*** Opening Extracted records ***

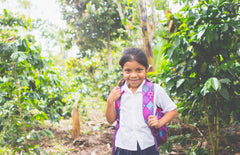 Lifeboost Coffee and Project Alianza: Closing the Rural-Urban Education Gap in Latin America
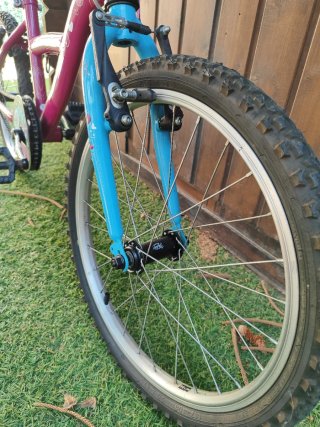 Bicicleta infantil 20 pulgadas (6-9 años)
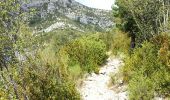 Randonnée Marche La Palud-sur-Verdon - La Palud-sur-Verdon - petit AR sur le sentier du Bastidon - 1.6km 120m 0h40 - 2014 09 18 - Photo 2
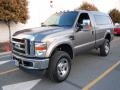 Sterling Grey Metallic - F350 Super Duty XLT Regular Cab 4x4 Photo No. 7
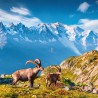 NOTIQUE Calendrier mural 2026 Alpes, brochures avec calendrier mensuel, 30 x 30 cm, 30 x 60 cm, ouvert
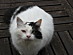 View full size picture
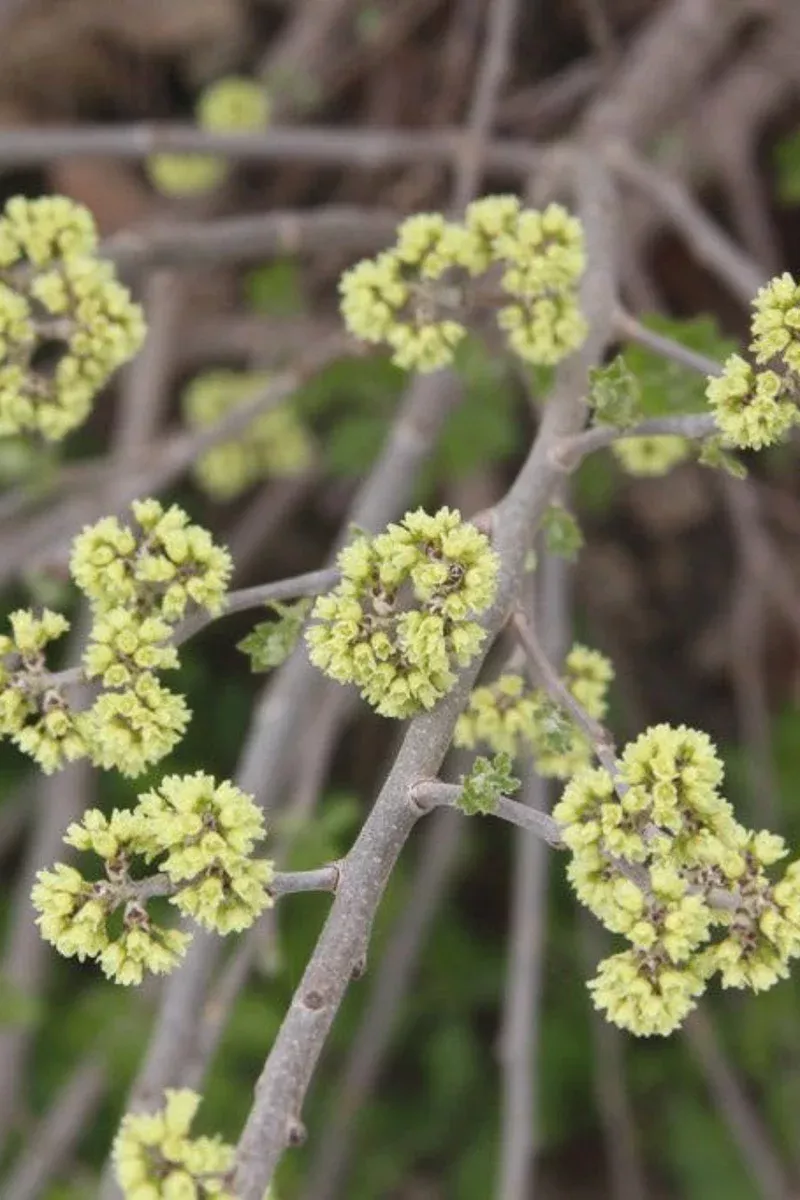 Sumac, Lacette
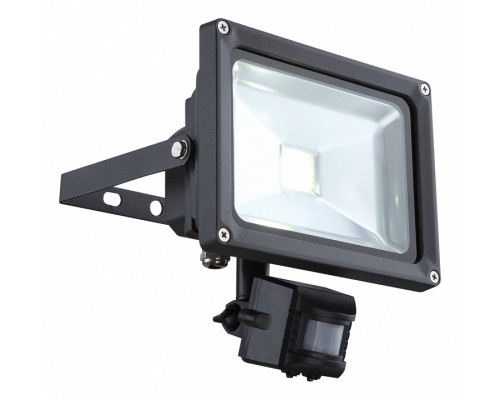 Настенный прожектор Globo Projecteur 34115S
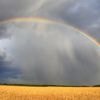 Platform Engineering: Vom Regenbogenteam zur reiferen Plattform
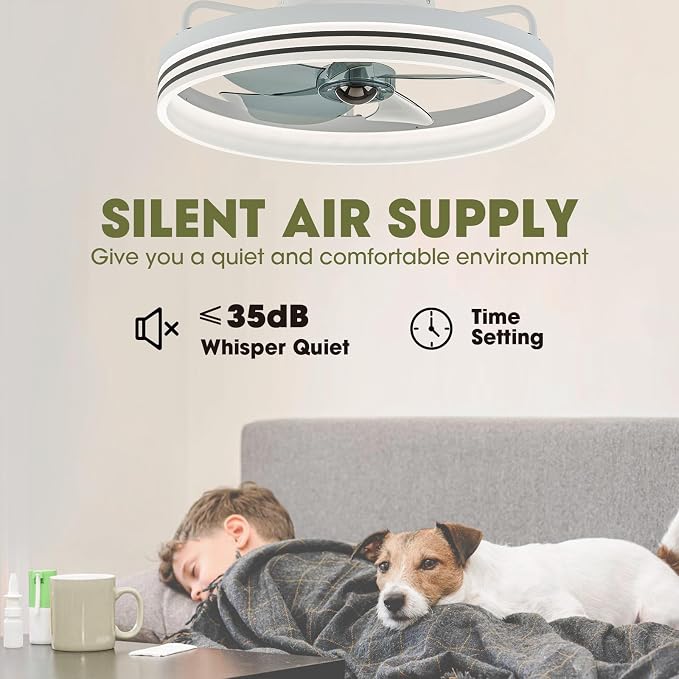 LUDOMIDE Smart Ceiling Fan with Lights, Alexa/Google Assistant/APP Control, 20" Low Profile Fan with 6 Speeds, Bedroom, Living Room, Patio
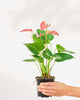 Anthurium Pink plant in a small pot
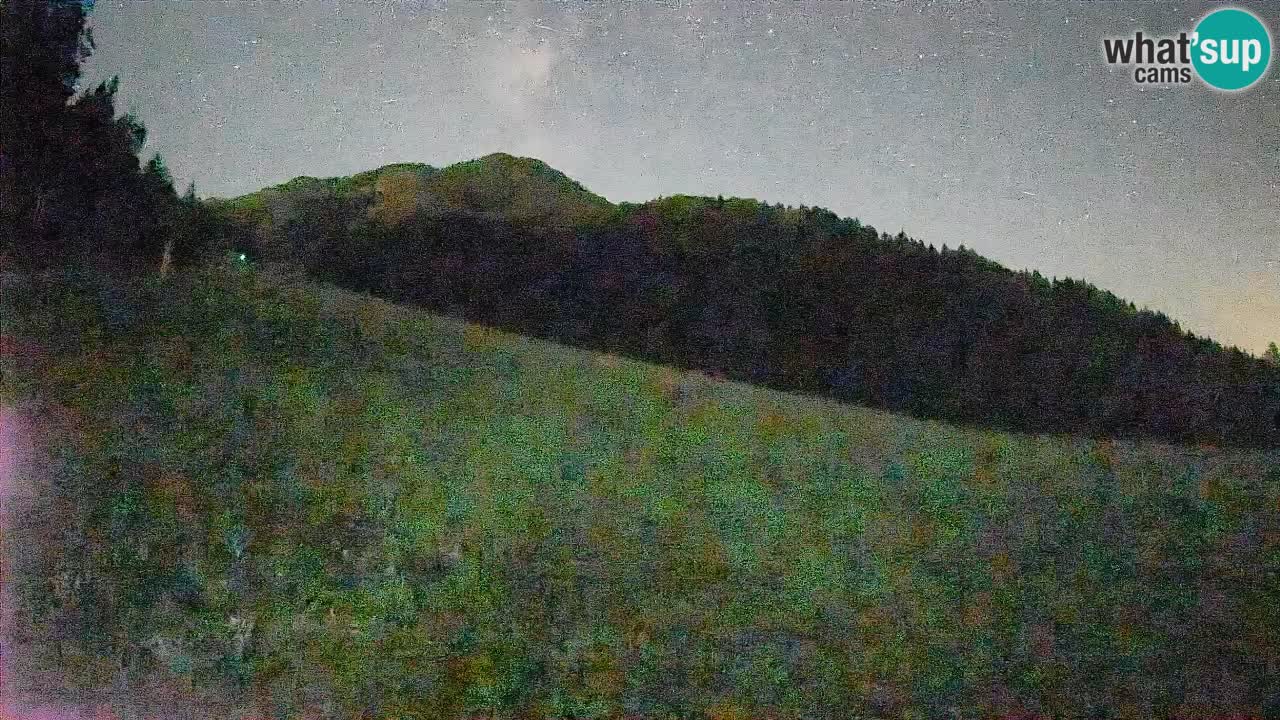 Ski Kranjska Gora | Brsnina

*** Closing Extracted records ***

■ What this task involves ■
The data above must be written out again word for word, without its pictures.

■ Response below ■
 Lifeboost Coffee and Project Alianza: Closing the Rural-Urban Education Gap in Latin America
 Bicicleta infantil 20 pulgadas (6-9 años)
 Randonnée Marche La Palud-sur-Verdon - La Palud-sur-Verdon - petit AR sur le sentier du Bastidon - 1.6km 120m 0h40 - 2014 09 18 - Photo 2
 Sterling Grey Metallic - F350 Super Duty XLT Regular Cab 4x4 Photo No. 7
 NOTIQUE Calendrier mural 2026 Alpes, brochures avec calendrier mensuel, 30 x 30 cm, 30 x 60 cm, ouvert
 View full size picture
 Sumac, Lacette
 Настенный прожектор Globo Projecteur 34115S
 Platform Engineering: Vom Regenbogenteam zur reiferen Plattform
 LUDOMIDE Smart Ceiling Fan with Lights, Alexa/Google Assistant/APP Control, 20" Low Profile Fan with 6 Speeds, Bedroom, Living Room, Patio
 Anthurium Pink plant in a small pot
 Ski Kranjska Gora | Brsnina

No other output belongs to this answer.